TASK REQUIREMENTS
Please reproduce exactly, and only, the line containing "Mariel Cárdenas posando" and every line after it to the end of the records below, leaving out all pictures.

━━━━

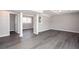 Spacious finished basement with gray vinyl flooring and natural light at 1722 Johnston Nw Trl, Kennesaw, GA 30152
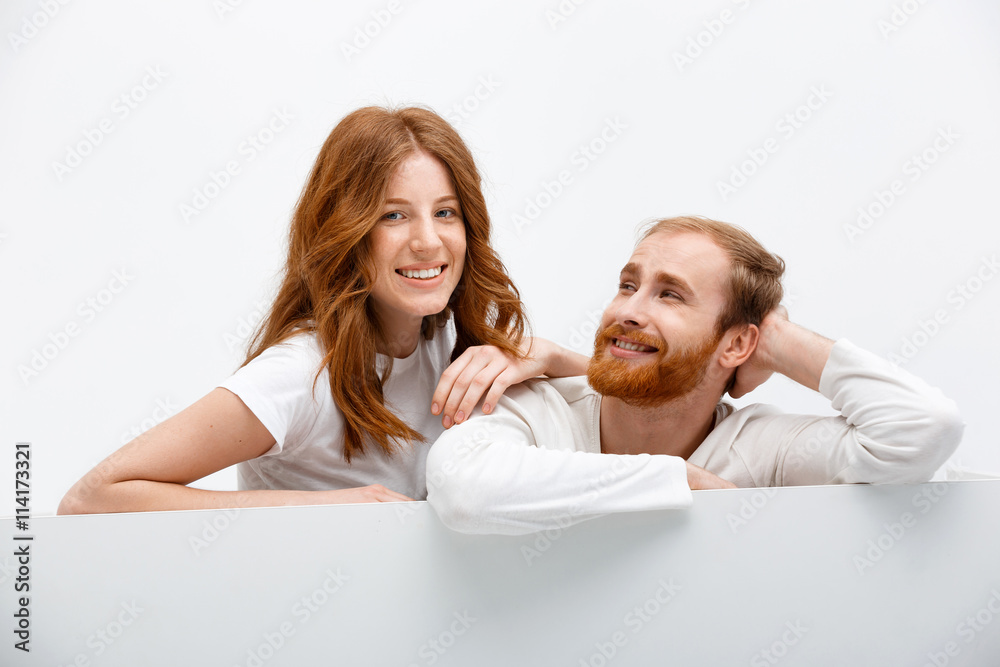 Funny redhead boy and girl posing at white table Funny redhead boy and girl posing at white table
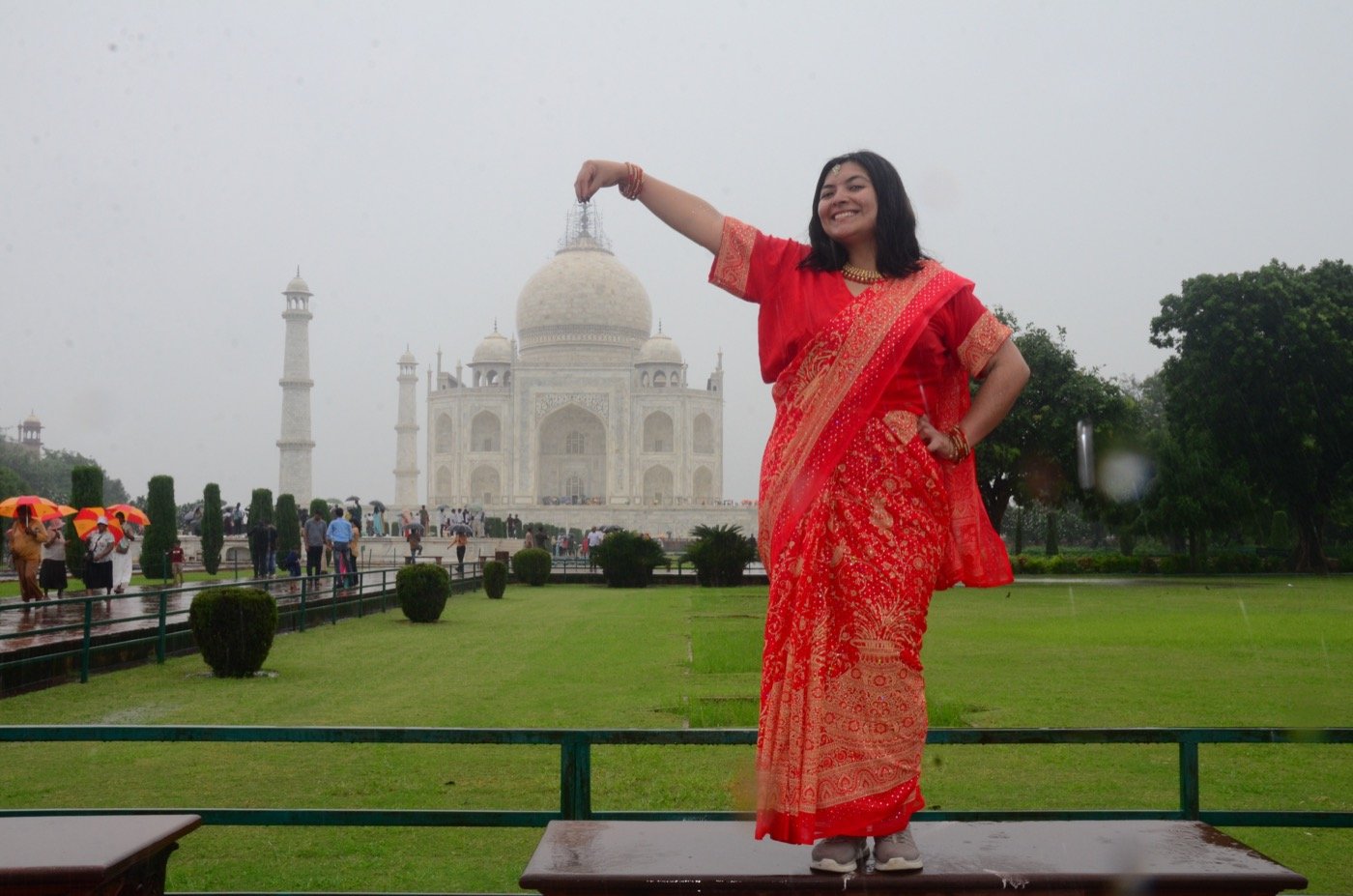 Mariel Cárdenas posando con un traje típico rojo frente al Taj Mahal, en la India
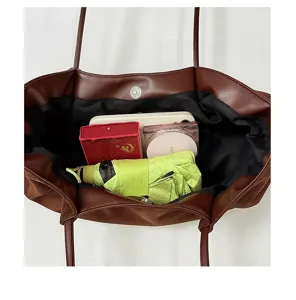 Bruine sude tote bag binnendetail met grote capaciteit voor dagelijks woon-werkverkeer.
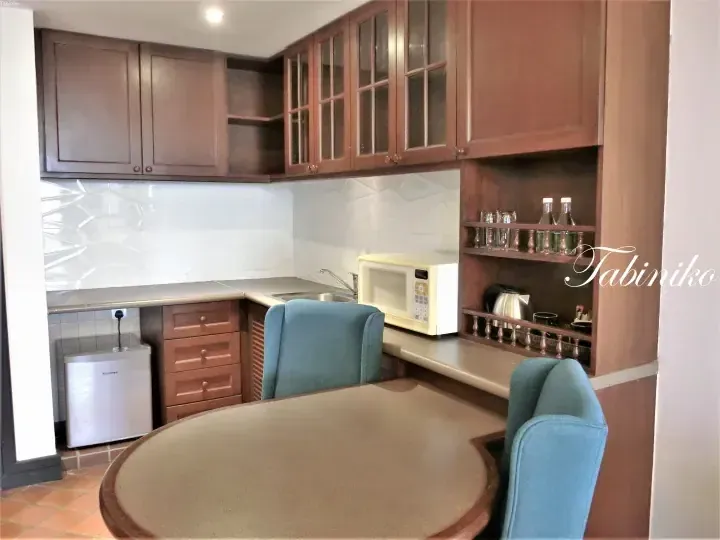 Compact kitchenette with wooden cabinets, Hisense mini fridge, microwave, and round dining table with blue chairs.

━━━━

WRITTEN ANSWER
 Mariel Cárdenas posando con un traje típico rojo frente al Taj Mahal, en la India
 Bruine sude tote bag binnendetail met grote capaciteit voor dagelijks woon-werkverkeer.
 Compact kitchenette with wooden cabinets, Hisense mini fridge, microwave, and round dining table with blue chairs.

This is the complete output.